Je considère que l’AI a fait preuve de diligence à l’égard de la santé et du bien-être du plaignant d’après les mesures qu’il a prises une fois le plaignant dans la rivière [2]. L’agent a tenu le centre de répartition au courant de la situation et il a rapidement demandé l’assistance des pompiers, qui étaient mieux équipés et entraînés pour intervenir dans ce genre de situation. Quand le plaignant a refusé de revenir vers la rive après en avoir reçu l’ordre de l’agent, celui-ci a eu une décision difficile à prendre : soit sauter dans l’eau pour tenter un sauvetage immédiat, soit essayer de prendre un dispositif de flottaison et de l’utiliser en demeurant en lieu sûr. La deuxième solution prenait plus de temps, mais le plaignant était toujours à la surface de l’eau, quoiqu’il semblait quelque peu en difficulté, et sauter dans la rivière comportait certains risques, compte tenu de la température de l’eau et des difficultés inhérentes à un sauvetage. Au vu du dossier, je n’ai pas de motifs suffisants pour conclure que l’AI n’a pas respecté les normes de diligence prescrites par le droit en optant pour la deuxième solution et en se rendant à sa voiture de police, en quelques secondes, pour sortir le pneu de secours.

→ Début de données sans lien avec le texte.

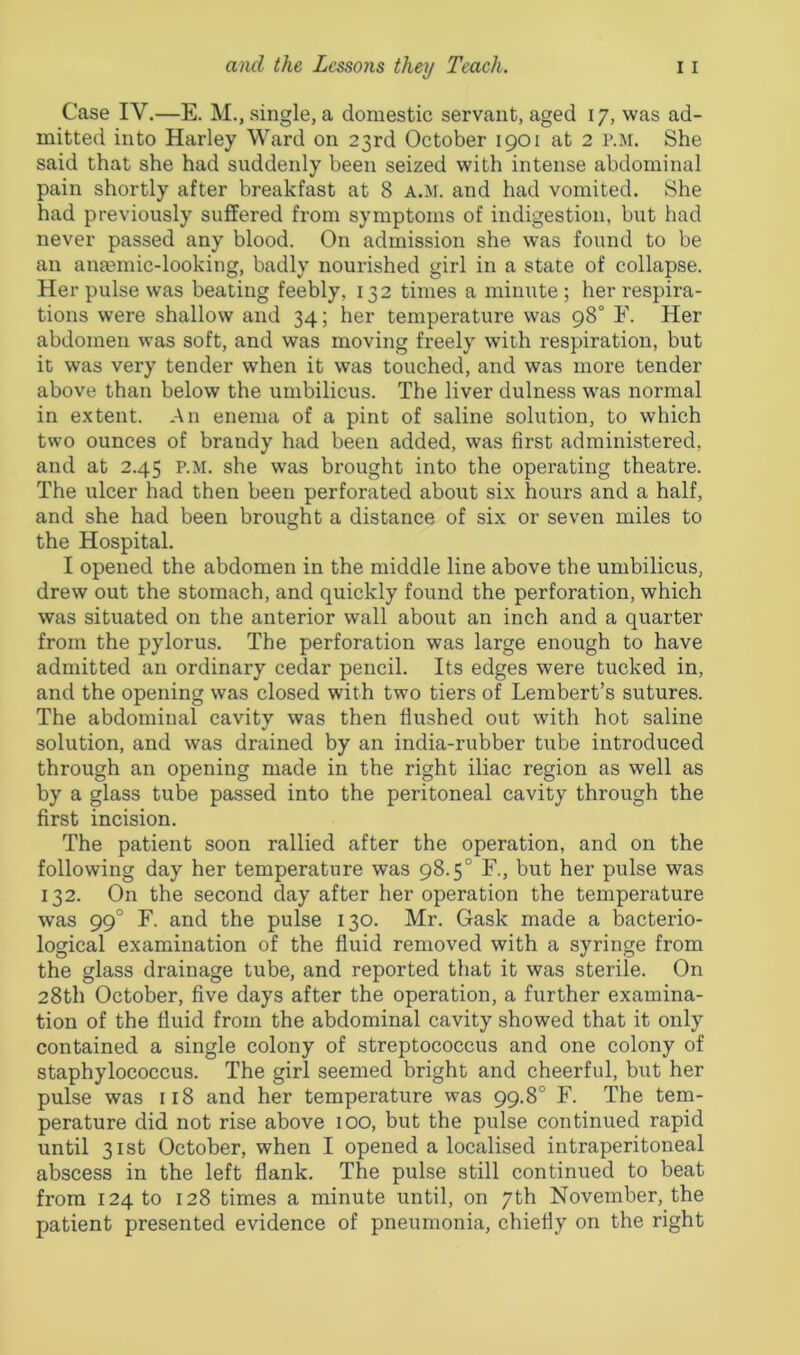 Case IV.—E. M., single, a domestic servant, aged 17, was ad- mitted into Harley Ward on 23rd October 1901 at 2 p.m. She said that she had suddenly been seized with intense abdominal pain shortly after breakfast at 8 a.M. and had vomited. She had previously suffered from symptoms of indigestion, but had never passed any blood. On admission she was found to be an anaemic-looking, badly nourished girl in a state of collapse. Her pulse was beating feebly, 132 times a minute ; her respira- tions were shallow and 34; her temperature was 98° F. Her abdomen was soft, and was moving freely with respiration, but it was very tender when it was touched, and was more tender above than below the umbilicus. The liver dulness was normal in extent. An enema of a pint of saline solution, to which two ounces of brandy had been added, was first administered, and at 2.45 p.m. she was brought into the operating theatre. The ulcer had then been perforated about six hours and a half, and she had been brought a distance of six or seven miles to the Hospital. I opened the abdomen in the middle line above the umbilicus, drew out the stomach, and quickly found the perforation, which was situated on the anterior wall about an inch and a quarter from the pylorus. The perforation was large enough to have admitted an ordinary cedar pencil. Its edges were tucked in, and the opening was closed with two tiers of Lembert’s sutures. The abdominal cavity was then flushed out with hot saline solution, and was drained by an india-rubber tube introduced through an opening made in the right iliac region as well as by a glass tube passed into the peritoneal cavity through the first incision. The patient soon rallied after the operation, and on the following day her temperature was 98.5° F., but her pulse was 132. On the second day after her operation the temperature was 990 F. and the pulse 130. Mr. Gask made a bacterio- logical examination of the fluid removed with a syringe from the glass drainage tube, and reported that it was sterile. On 28th October, five days after the operation, a further examina- tion of the fluid from the abdominal cavity showed that it only contained a single colony of streptococcus and one colony of staphylococcus. The girl seemed bright and cheerful, but her pulse was 118 and her temperature was 99.8° F. The tem- perature did not rise above 100, but the pulse continued rapid until 31st October, when I opened a localised intraperitoneal abscess in the left flank. The pulse still continued to beat from 124 to 128 times a minute until, on 7th November, the patient presented evidence of pneumonia, chiefly on the right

Par la suite, comme il a été incapable de sortir le pneu rapidement, il est revenu rapidement au bord de l’eau et il a sauté pour rejoindre d’autres personnes qui tentaient de sauver le plaignant. J’ai la conviction que les tentatives de sauvetage ont été raisonnables du début à la fin, y compris lorsque les agents ont décidé de sortir de l’eau compte tenu des risques accrus qu’ils couraient après être restés un bon moment dans l’eau.

En fin de compte, pour les raisons déjà citées, je juge que l’AI ne s’est pas rendu responsable de négligence criminelle dans son interaction avec le plaignant durant l’interaction, malgré le décès tragique de celui-ci. Par conséquent, il n’y a pas lieu de porter des accusations dans cette affaire, et le dossier est clos.


Date : 5 août 2021

Signature électronique

Joseph Martino
Directeur
Unité des enquêtes spéciales

Notes

  • 1) Les enregistrements contiennent des renseignements personnels confidentiels qui ne peuvent être divulgués, conformément au paragraphe 34 (2) de la Loi de 2019 sur l’Unité des enquêtes spéciales. Les renseignements utiles pour l’enquête sont résumés ci-dessous. [Retour au texte]
  • 2) Même s’il y avait des indices d’infraction criminelle au moment où l’AI s’est approché du plaignant, puisque la plaque d’immatriculation et l’autocollant de validation semblaient avoir été trafiqués, il n’est pas tout à évident qu’il était justifié d’arrêter le plaignant si c’est ce que l’agent tentait de faire. Quoi qu’il en soit, je n’ai pas la conviction qu’une arrestation injustifiée, si c’est ce qui était en train de se produire, ait été suffisante pour considérer que l’agent avait fait preuve de négligence criminelle, d’autant plus qu’il n’était forcément facile de prévoir, dans les circonstances, que le plaignant allait entrer dans l’eau et mettre sa vie en danger comme il l’a fait. [Retour au texte]

Note:

La version originale anglaise signée du rapport fait autorité. En cas de divergence entre cette version et les versions anglaise ou française en ligne, la version originale anglaise signée du rapport l’emporte.